The Government ”recognises the benefit“ of public-good science, said Judith Collins, the minister of science, innovation and technology when the reforms were announced in January. She has since been replaced by Shane Reti.
Piper was chief executive at Plant & Food from 2023-25 and said there were “bits missing” in previous Government directions to the CRIs. He applauded the “real clarity on government priorities” coming out of Wellington now.
BSI needs “big targets” set by Government, so it can set fat targets for itself, he said.
A problem is that no new money is coming in. “The Government has been pretty clear on that,” Piper said.
BSI’s budget has not been cut, but revenue worth “tens of millions” has fallen out of BSI’s revenue as Government departments - significant customers - cut their spending.
Stewart wondered if budget cuts would come next year.
Piper has an answer for that. “I really have a strong view that … prioritisation matters,” he said.
Bad ideas are easy to dismiss. “But actually, we have to say no to some good ideas because we need to focus on the most impactful ones,” he said.
He also promised “take some risk” on things that the Government and industry were not asking for yet.
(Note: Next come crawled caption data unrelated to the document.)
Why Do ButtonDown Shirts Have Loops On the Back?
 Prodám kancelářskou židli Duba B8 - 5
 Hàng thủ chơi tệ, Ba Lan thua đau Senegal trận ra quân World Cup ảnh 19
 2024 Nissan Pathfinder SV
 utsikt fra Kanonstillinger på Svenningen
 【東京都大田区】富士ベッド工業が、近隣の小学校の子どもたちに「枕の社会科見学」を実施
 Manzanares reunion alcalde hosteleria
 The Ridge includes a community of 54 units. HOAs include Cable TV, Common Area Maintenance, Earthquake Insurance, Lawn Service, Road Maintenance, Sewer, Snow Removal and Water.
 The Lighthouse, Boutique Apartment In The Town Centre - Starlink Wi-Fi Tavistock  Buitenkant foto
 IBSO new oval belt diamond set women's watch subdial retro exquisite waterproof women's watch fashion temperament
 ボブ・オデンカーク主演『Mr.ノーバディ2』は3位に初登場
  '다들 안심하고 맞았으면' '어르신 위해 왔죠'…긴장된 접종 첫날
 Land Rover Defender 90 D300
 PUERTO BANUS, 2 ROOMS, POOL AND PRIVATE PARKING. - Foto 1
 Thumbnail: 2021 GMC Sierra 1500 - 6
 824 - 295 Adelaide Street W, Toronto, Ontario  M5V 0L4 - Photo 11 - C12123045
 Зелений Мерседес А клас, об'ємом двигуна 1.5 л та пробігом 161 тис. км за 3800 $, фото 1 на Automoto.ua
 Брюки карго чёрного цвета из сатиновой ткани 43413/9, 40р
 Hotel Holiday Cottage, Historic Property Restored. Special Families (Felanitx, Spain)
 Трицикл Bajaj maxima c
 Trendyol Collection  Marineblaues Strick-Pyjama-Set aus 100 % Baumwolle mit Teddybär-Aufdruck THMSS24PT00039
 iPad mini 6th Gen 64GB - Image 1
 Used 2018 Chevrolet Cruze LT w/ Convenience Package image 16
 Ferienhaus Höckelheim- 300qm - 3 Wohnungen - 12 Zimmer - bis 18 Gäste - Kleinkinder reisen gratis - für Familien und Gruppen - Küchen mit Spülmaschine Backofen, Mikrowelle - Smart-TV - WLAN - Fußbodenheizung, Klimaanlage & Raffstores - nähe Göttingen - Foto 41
For the time being, little has changed at BSI’s Lincoln headquarters - actually AgResearch’s award-winning new Tuhiraki building.
Existing management and staff remain in place and the four CRIs are now called “units” of BSI.
A board has been appointed, Piper appointed as the transitional chief executive, and a modest website published.
Piper spent 30 years at Fonterra, including years at the co-op’s Chicago office and culminating as president of Fonterra (USA) Inc. He later led its global R&D office.
He will continue living in Palmerston North. “It's a great place to raise a family and I've got a lot of children.” (Piper and his wife have six).
BSI will be decentralised: “My intention is that we've got leadership spread across the country”. The large, established research centres will remain open and he sees value in keeping smaller regional offices and labs in place because they are close to industry and in the appropriate growing climates, which matters.
Meanwhile, the business of merging has just started. The four units use different software for payroll, finance, human resources, project management and the like.
BSI needs one of each and they are expensive and how that will shake out is not known.
There are about 2000 people, including more than 1500 scientists and researchers. Are jobs at risk?
“We don’t have a … target that we’re trying to hit,” Piper said. “We just have a plan to sort of go, what’s the best we need?”
Reuben Davidson, the Labour Party spokesperson on science, would not commit to undoing the changes, but did not hold back on criticising them.
The focus was on “getting it done, rather than getting it right”, the first-term MP for Christchurch East said. That does not always lead to good science.
The Government is only interested in productivity gains and economic growth, he said, but good science does not work like that.